• [Crawled caption data]
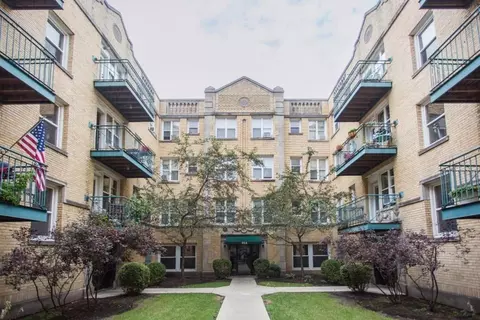 910 W Dakin St #914-315, Chicago, IL 60613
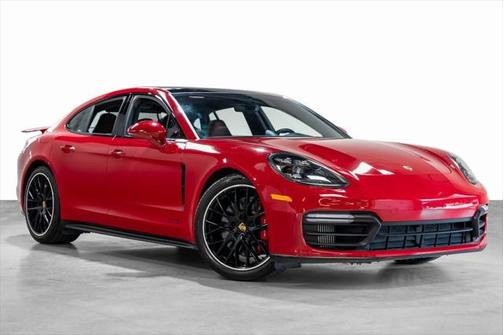 2020 Porsche Panamera GTS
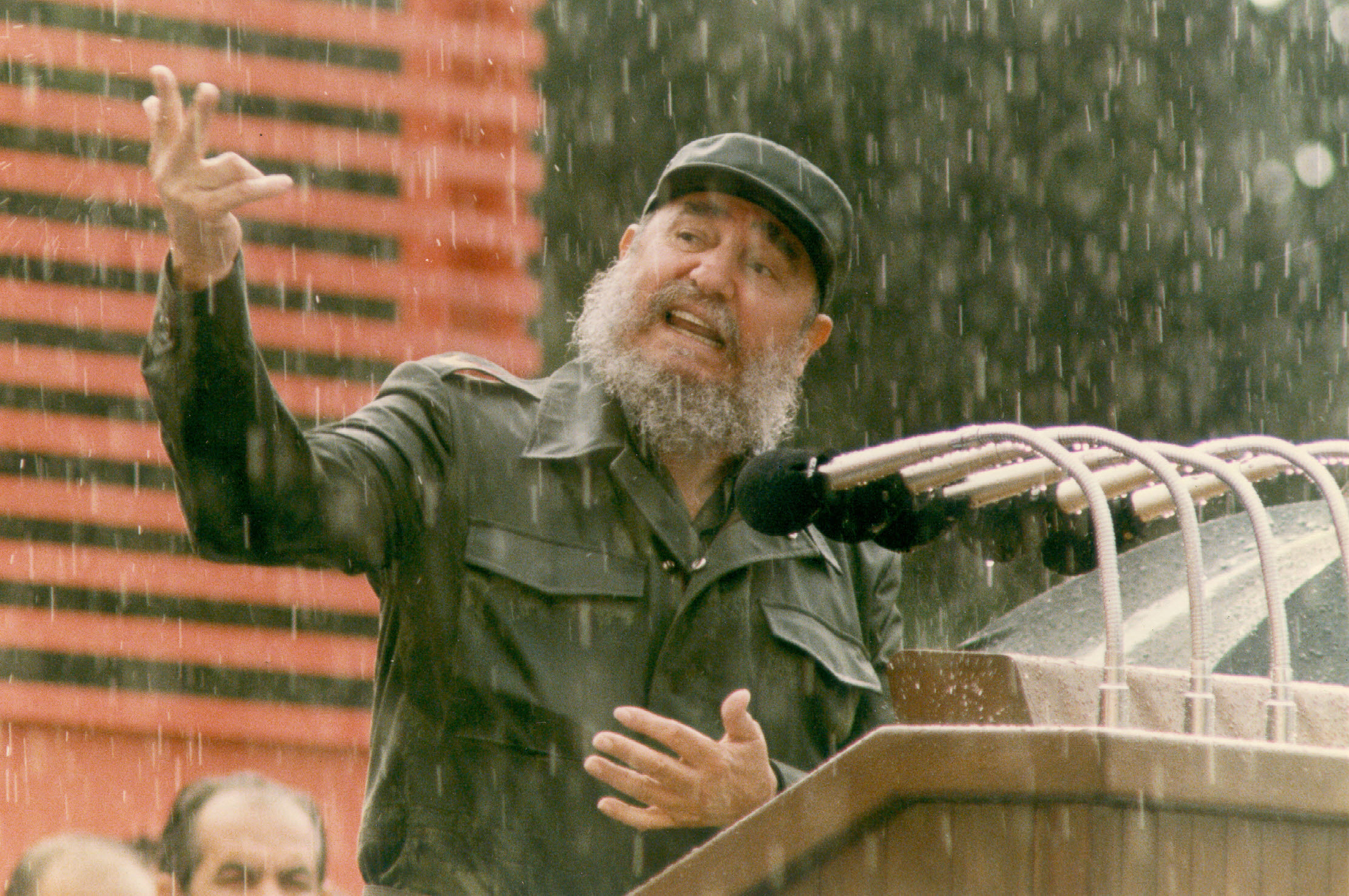 Фидель Кастро дождь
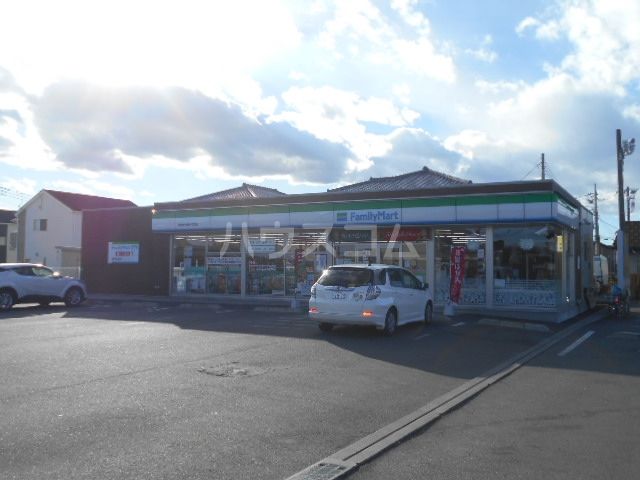 コンビニ　ファミリーマート伊勢崎今泉町一丁目店（コンビニ）まで410m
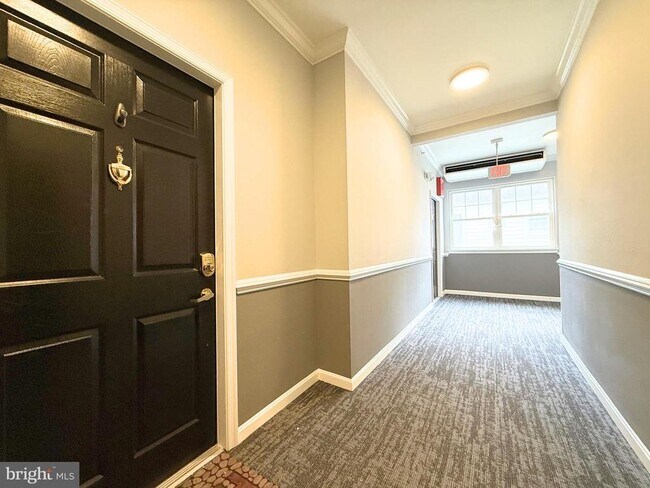 Building Photo - 1580 Spring Gate Dr.
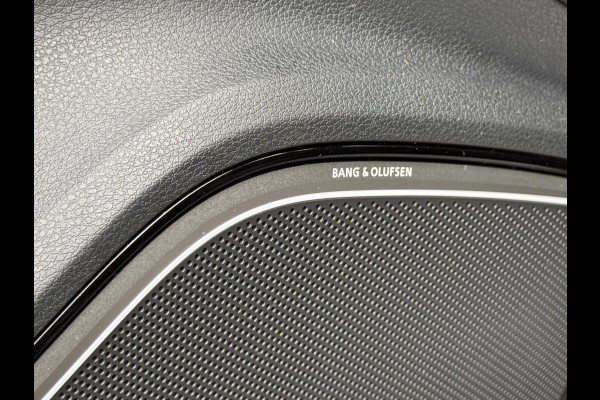 Audi A3 Limousine 2.0 TFSI S3 quattro Pro Line Plus RS seats/B&O/Keyless Audi A3 Limousine 2.0 TFSI S3 quattro Pro Line Plus RS seats/B&O/Keyless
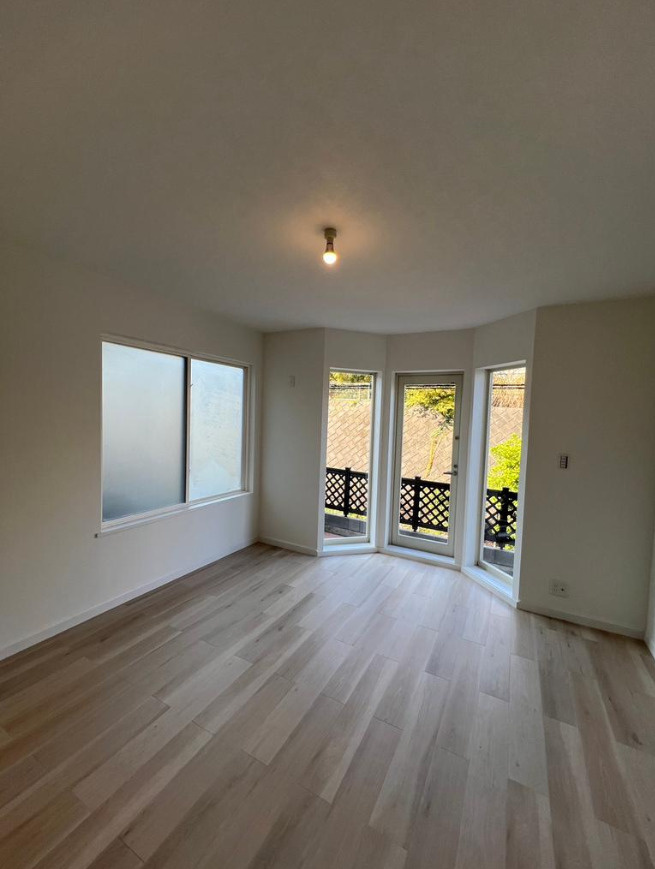 横浜市保土ヶ谷区狩場町 中古戸建て【仲介手数料無料】カースペース2台の居間・リビング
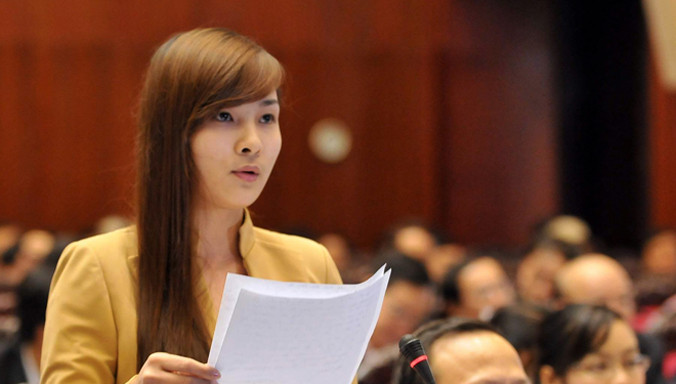 Đại biểu Vũ Thị Hương Sen (SN 1986) - Hải Dương phát biểu tại Quốc hội. Ảnh: Hồng Vĩnh.
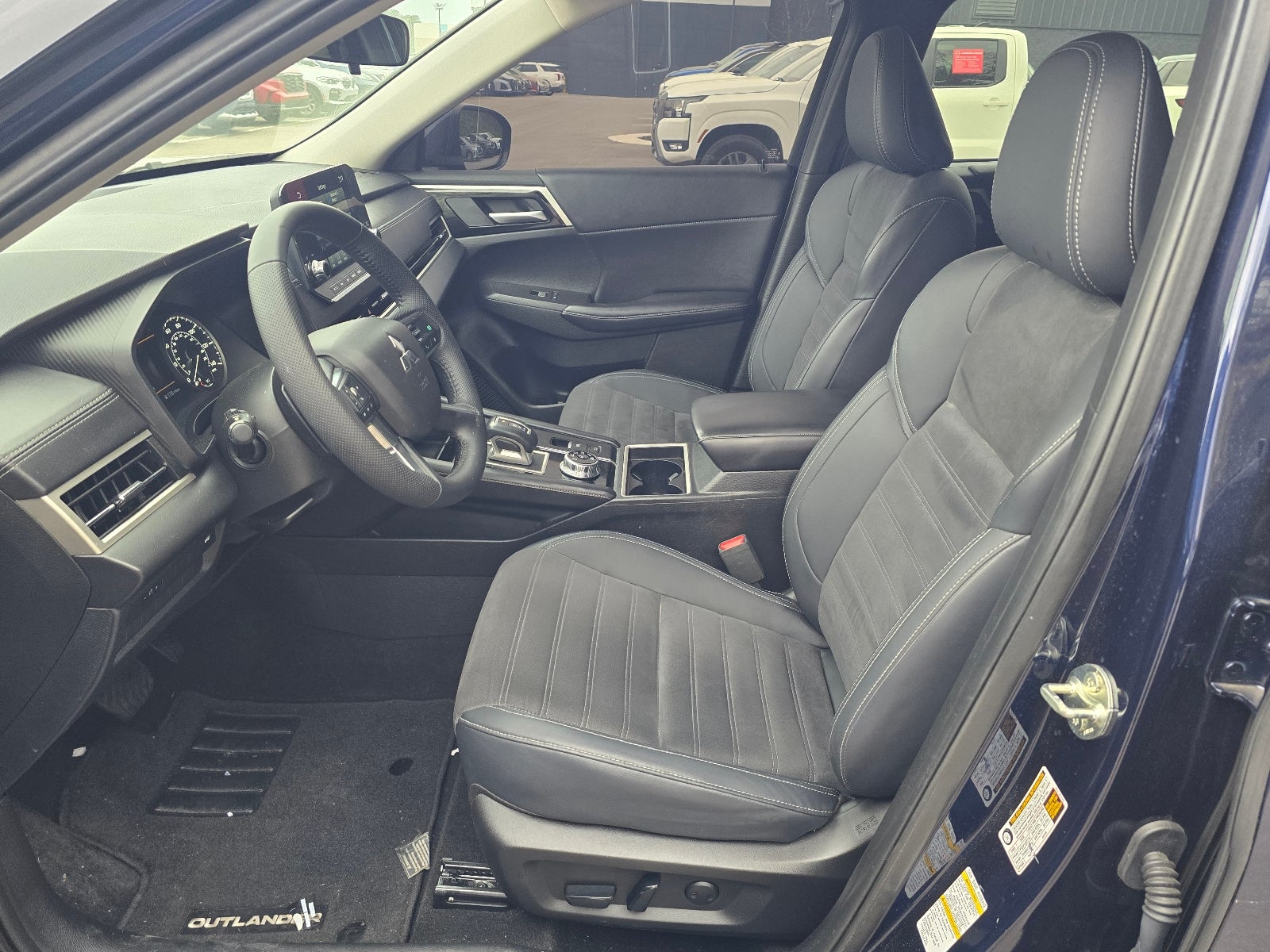 2024 Mitsubishi Outlander SE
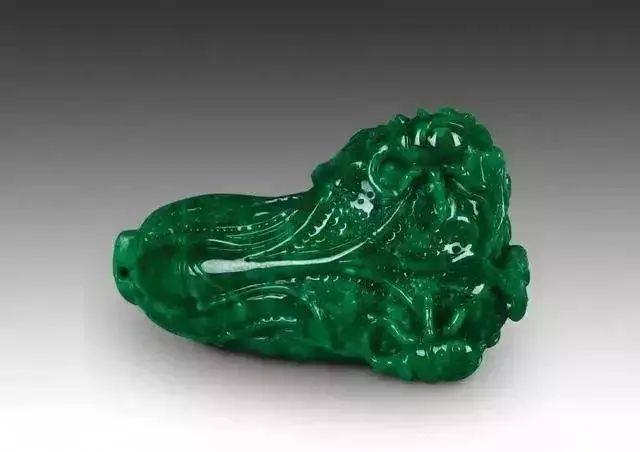 翡翠天空蓝原石翡翠的“纹”决定了翡翠的价格？然而90%的人却忽略了这个细节！  第10张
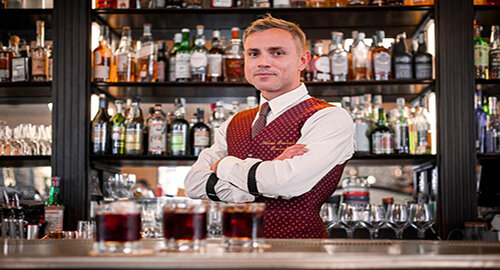 Drink e Cinema, "French Kiss" di Alessio Giovannesi, bar manager di Baccano a Roma Drink e Cinema, "French Kiss" di Alessio Giovannesi, bar manager di Baccano a Roma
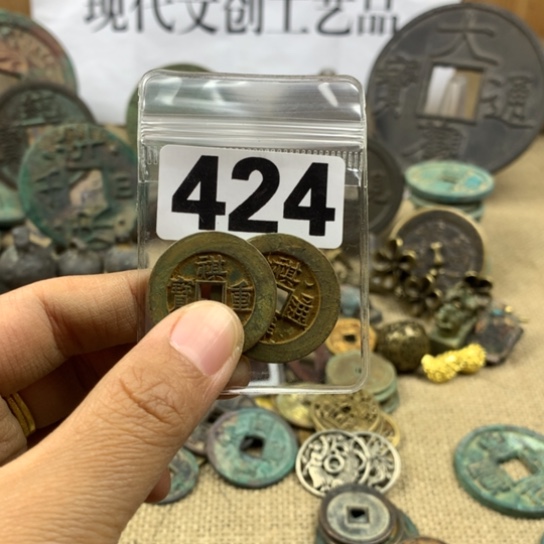 铜一**树现代文创工艺品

• [What the task asks] Nothing but the lines from the one containing "2024 Mitsubishi Outlander SE" to the last line of the records should be returned, exactly as they appear and without pictures.

• [Written response]
 2024 Mitsubishi Outlander SE
 翡翠天空蓝原石翡翠的“纹”决定了翡翠的价格？然而90%的人却忽略了这个细节！  第10张
 Drink e Cinema, "French Kiss" di Alessio Giovannesi, bar manager di Baccano a Roma Drink e Cinema, "French Kiss" di Alessio Giovannesi, bar manager di Baccano a Roma
 铜一**树现代文创工艺品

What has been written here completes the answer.